What is wanted is the full listing, word for word, without its pictures.

===== INPUT DATA =====

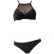 Black bikini lace see-through sexy backless triangle swimsuit steel support gathered small breast bikini female swimsuit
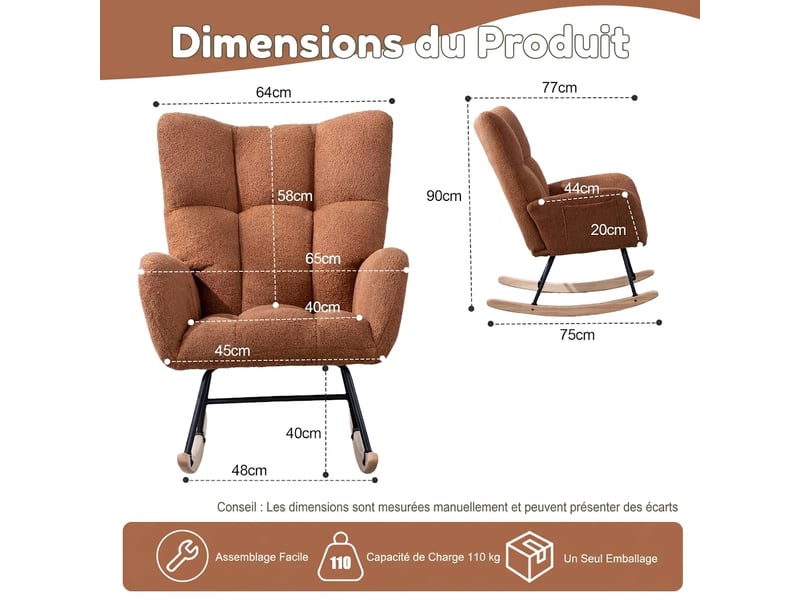  Fauteuil à bascule en tissu bouclette, chaise d'allaitement marron avec poche latérale, base en bois massif, 65x77x90 cm  - Conforama C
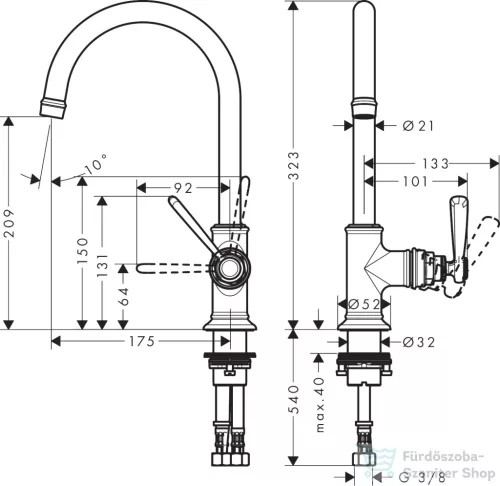 Hansgrohe AXOR MONTREUX 210 mosdó csaptelep nem zárható leeresztővel,szálcsiszolt sárgaréz hatású 16518950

=====

▸ **ANSWER SPACE**:
 Black bikini lace see-through sexy backless triangle swimsuit steel support gathered small breast bikini female swimsuit
  Fauteuil à bascule en tissu bouclette, chaise d'allaitement marron avec poche latérale, base en bois massif, 65x77x90 cm  - Conforama C
 Hansgrohe AXOR MONTREUX 210 mosdó csaptelep nem zárható leeresztővel,szálcsiszolt sárgaréz hatású 16518950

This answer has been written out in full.